Antifragility and Jewish Survival

When I read  Nassim Nicholas Taleb's latest book, Antifragile: Things That Gain from Disorder , I thought of how that applies to Jewish thought on both the individual and national level.

On the individual level, we have the teaching of Rabbi Abahu, who said, 'Where baalei teshuvah stand, people who have never sinned cannot stand!"  (Berachot 34b). One who has been broken, so to speak, and then put himself back together again has proven his strength in a way that cannot be claimed by one who has not been put to the same test. 

 For the nation at large, the antifragile nature of Jews is illustrated by Vehi She'amda in the Haggadah:


And it is this that has stood for our Forefathers and us.
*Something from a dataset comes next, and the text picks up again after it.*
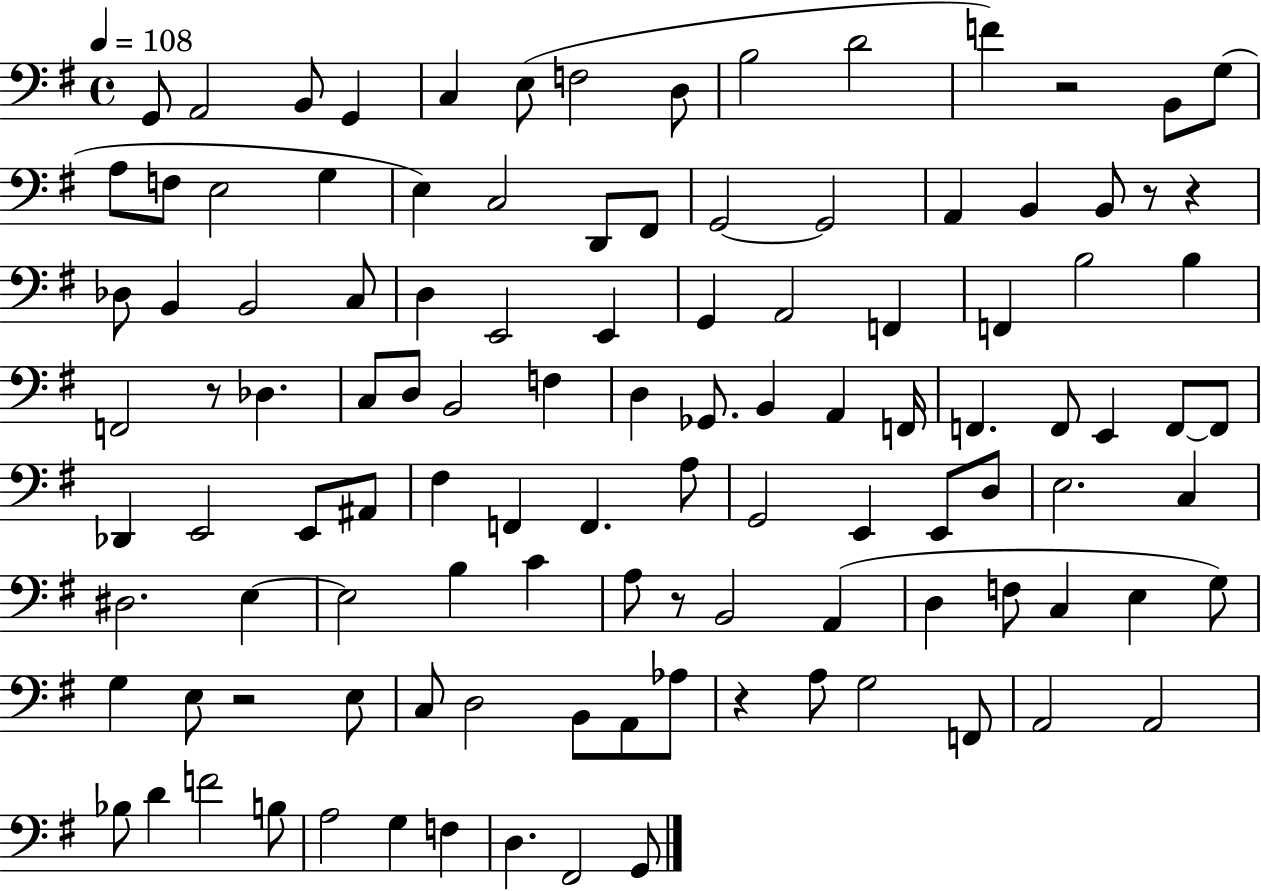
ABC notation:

For not just one enemy has stood against us to wipe us out. But in every generation there have been those who have stood against us to wipe us out, and the Holy One Blessed Be He saves us from their hands. 
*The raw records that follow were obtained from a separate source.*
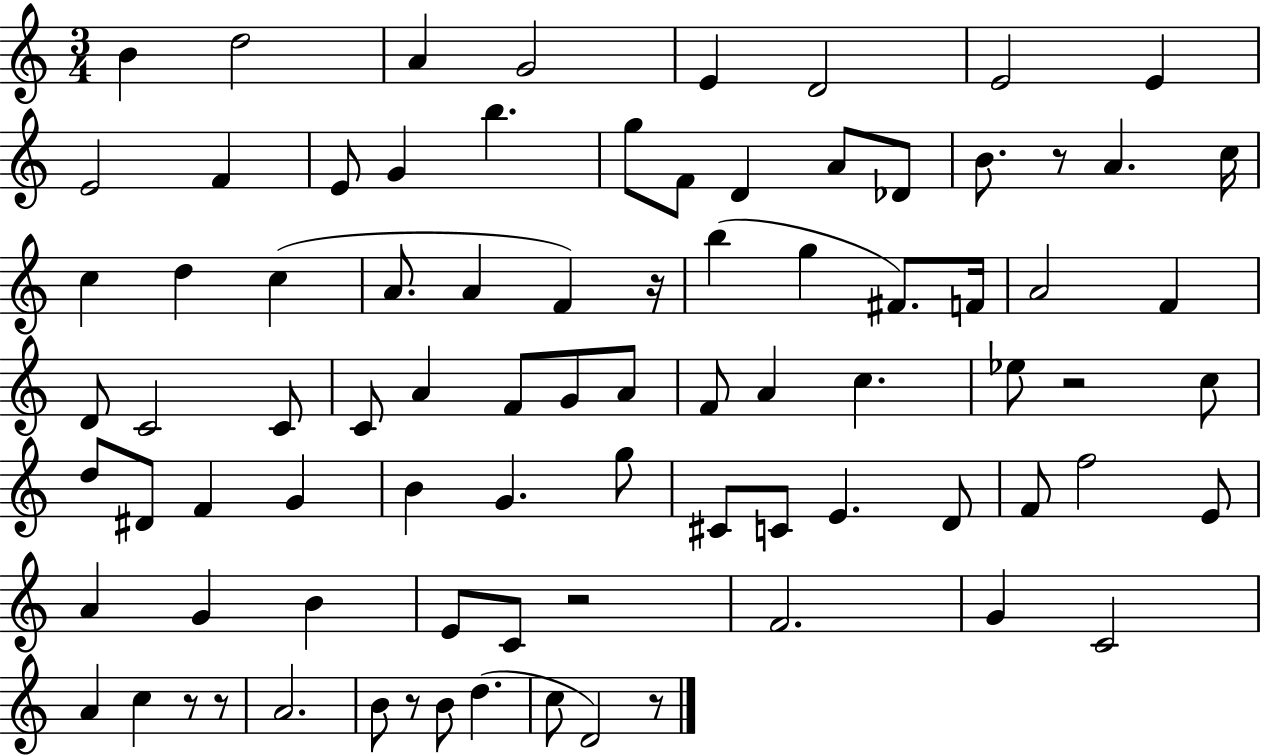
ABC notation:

X:1
T:Untitled
M:3/4
L:1/4
K:C
B d2 A G2 E D2 E2 E E2 F E/2 G b g/2 F/2 D A/2 _D/2 B/2 z/2 A c/4 c d c A/2 A F z/4 b g ^F/2 F/4 A2 F D/2 C2 C/2 C/2 A F/2 G/2 A/2 F/2 A c _e/2 z2 c/2 d/2 ^D/2 F G B G g/2 ^C/2 C/2 E D/2 F/2 f2 E/2 A G B E/2 C/2 z2 F2 G C2 A c z/2 z/2 A2 B/2 z/2 B/2 d c/2 D2 z/2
What is this in the passage? To put it in grammatical terms, it is a pronoun with no antecedent.  Some say what is referenced is the covenant that G-d originally made with Avraham. But it is also possible to read the "this" as referring to what follows -- the persecution itself. With each bout of persecution, the Jews grow stronger.

We see that manifestations of antifragility as early as the Egyptian enslavement. The more the Egyptians oppressed the Israelites, the more they multiplied. In fact, Chazal observe that the Levites did not grow in population as much as the other tribes precisely because they were not subjected to slave labor. 

Centuries later, it was the very threat of annihilation that the Jews faced under the regime of Achashverosh that occasioned their triumph over their enemies and a renewal of the acceptance of Torah that gave rise to the flourishing of Oral Torah. 

In fact, the situation the Jews faced in the original Purim story is paradigmatic for their spiritual survival. Chazal (Sanhedrin 97b) say  that if G-d sees the Jewish people constantly transgress the laws of the Torah and do not repent, He will bring a king to power whose decrees are like those of Haman.  Then the nation will be forced into becoming ba'alei teshuvah ansd so gain the merit to be saved.